- Spanish Republican Flag
- Founded: 1931
- Disbanded: 1939
- Service branches: Army Navy Air Force

Leadership
- Commander-in-chief: Manuel Azaña (last)
- Prime minister: José Miaja (last)
- Minister of Defence: Segismundo Casado (last)

Personnel
- Active personnel: 225.000 (1936)

Industry
- Domestic suppliers: CASA Hispano-Suiza Spanish Society for Naval Construction

Related articles
- History: Sanjurjada Revolution of 1934 Spanish Civil War
- Ranks: Military ranks of the Second Spanish Republic

= Spanish Republican Armed Forces =

Military of the Second Spanish Republic

The Spanish Republican Armed Forces (Fuerzas Armadas de la República Española) were initially formed by the following two branches of the military of the Second Spanish Republic:
- Spanish Republican Army (Ejército de la República Española (1931–1936) and Ejército Popular de la República Española (1936–1939)). It included the Aeronáutica Militar air arm.
- Spanish Republican Navy (Marina de Guerra de la República Española), which included the naval aviation (Aeronáutica Naval).
- Spanish Republican Air Force (Fuerzas Aéreas de la República Española) (FARE)

==History==
The Spanish Republican Armed Forces went through two phases during their existence:
- The pre-Spanish Civil War phase, before the coup of July 1936 that would fracture the Spanish military institution.
- The Civil War reorganization of the forces that remained loyal to the established republican government.

===Air Force===

At the time of the democratic municipal elections that led to the proclamation of the Spanish Republic, the Air Force was divided in two branches, the Aeronáutica Militar and Aeronáutica Naval, the former being the air arm of the Spanish Republican Army and the latter the naval aviation of the Spanish Republican Navy.
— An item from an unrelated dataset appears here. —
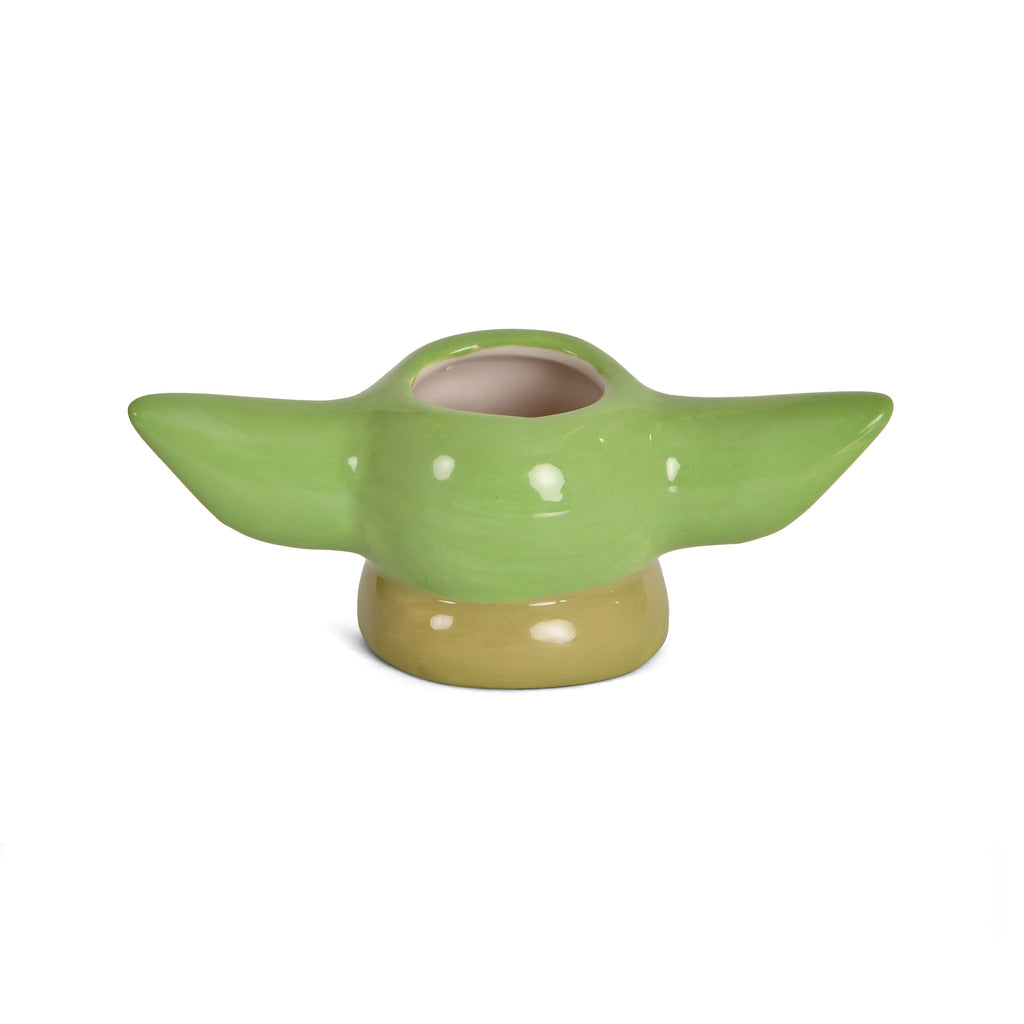 Image produit Tasse Espresso Grogu 3D - Star Wars The Mandalorian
In September 1936 the Navy and Air Ministry (Ministerio de Marina y Aire) and the Air Undersecretariat, (Subsecretaria del Aire), both part of the National Defence Ministry (Ministerio de la Defensa Nacional) of the Republic, were established under the command of Indalecio Prieto as minister.
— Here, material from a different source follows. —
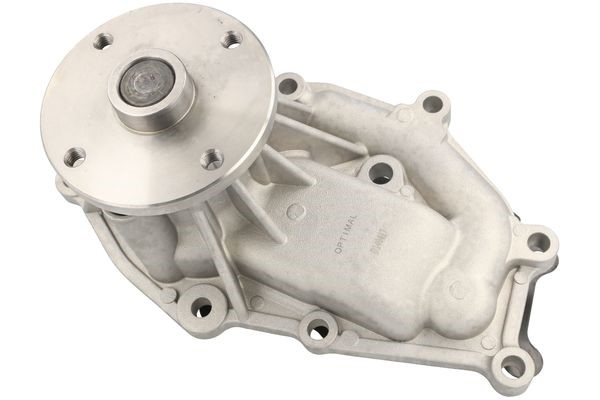 Vattenpump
The Republican air arm was restructured again in May 1937, well into the Civil War. The new structure unified the Aeronáutica Militar and Aeronáutica Naval. Some sources give this date as the date of the creation of the Spanish Republican Air Force, although it had been previously operative already under its two branches. The Republican Air Force would keep this structure until this disbandment two years later.